Multivariate analyses were performed to adjust for year of diagnosis, age at diagnosis, sex, stage, surgery within 6 months, radiotherapy within 6 months, chemotherapy within 6 months, site (colon or rectum), comorbidities (before diagnosis, including cerebrovascular disease, chronic pulmonary disease, congestive heart disease, diabetes, myocardial infarction, peptic ulcer disease, peripheral vascular disease, and renal disease), and other medication use after diagnosis. On this analysis, statin use was associated with a significant 29% reduction in risk for colorectal cancer–specific mortality (adjusted HR = 0.71, 95% CI = 0.61–0.84) and a 25% reduction in risk for all-cause mortality (HR = 0.75, 95% CI = 0.66–0.84). A dose-response effect was observed, with a greater reduction in risk observed with statin use > 1 year (adjusted HR = 0.64, 95% CI = 0.53–0.79).

Among patients who had not used statins prior to colorectal cancer diagnosis, the adjusted hazard ratio among statin users for colorectal cancer–specific mortality was 0.66 (95% CI = 0.50–0.85). The effect was somewhat smaller in analysis excluding statin prescriptions in the year before death (adjusted HR = 0.77, 95% CI = 0.66–0.90) and was further attenuated when prescriptions in the 2 years before death were excluded (adjusted HR = 0.84, 95% CI = 0.69–1.02).

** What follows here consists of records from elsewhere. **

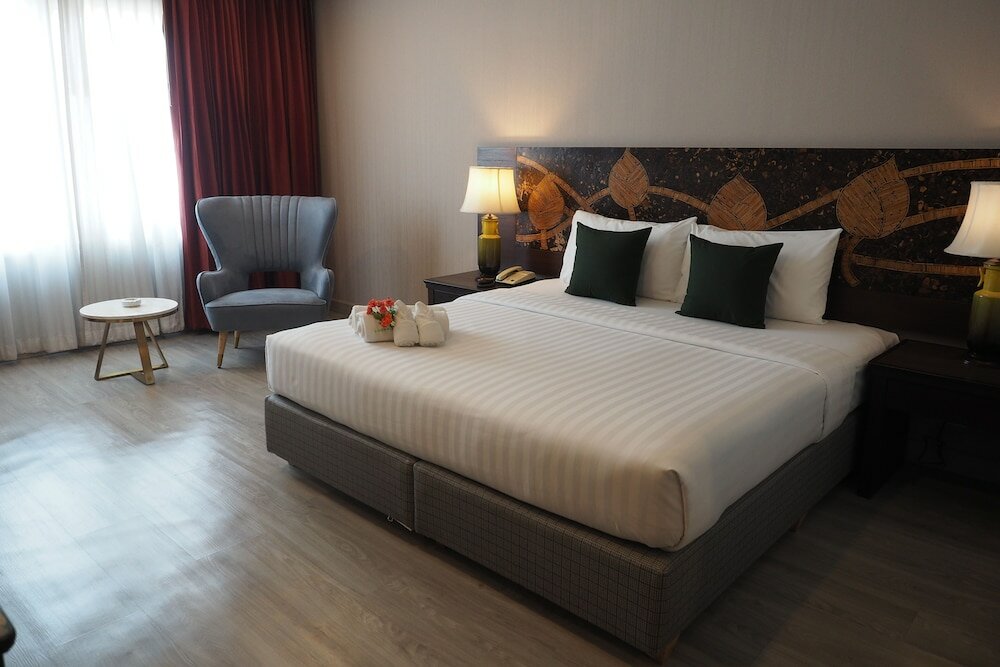 Фото Empress Pattaya Hotel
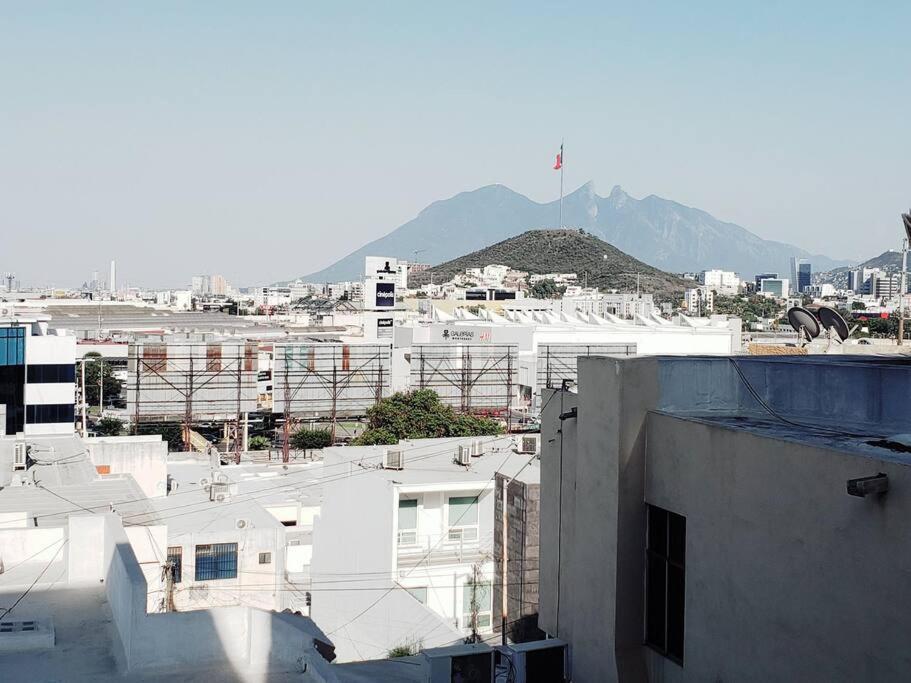 Hospedaje Con Vista A La Ciudad Apartment มอนแตร์เรย์ ภายนอก รูปภาพ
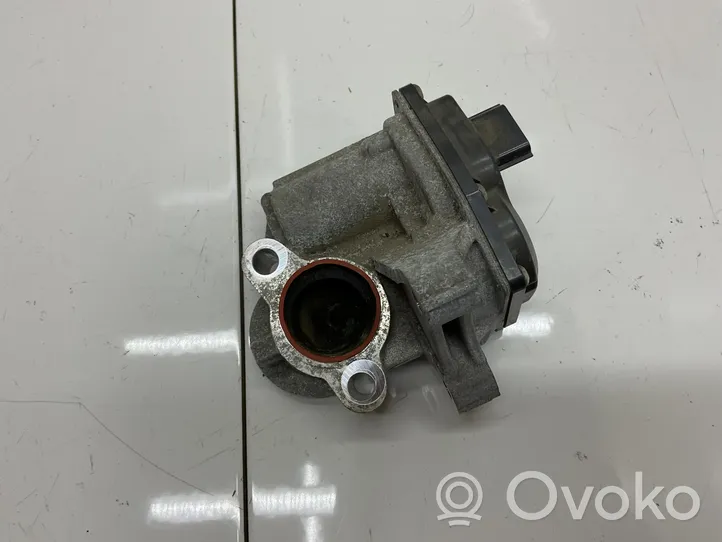 Nissan X-Trail T32 EGR valve 147102408R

However, the effect remained significant for patients in the latter analysis who had > 365 defined daily doses (adjusted HR = 0.75, 95% CI = 0.56–0.99).

A significant preventive effect in colorectal cancer–specific mortality was also observed among patients who used statins prior to diagnosis (adjusted HR = 0.86, 95% CI = 0.79–0.93).

The investigators concluded, “In this large population-based cohort, statin use after diagnosis of colorectal cancer was associated with longer rates of survival.”

Chris R. Cardwell, PhD, of Royal Victoria Hospital, Belfast, is the corresponding author for the Journal of Clinical Oncology article.

The study was supported by the Health and Social Care Research and Development (Public Health Agency, Northern Ireland). The authors indicated no potential conflicts of interest.

The content in this post has not been reviewed by the American Society of Clinical Oncology, Inc. (ASCO®) and does not necessarily reflect the ideas and opinions of ASCO®.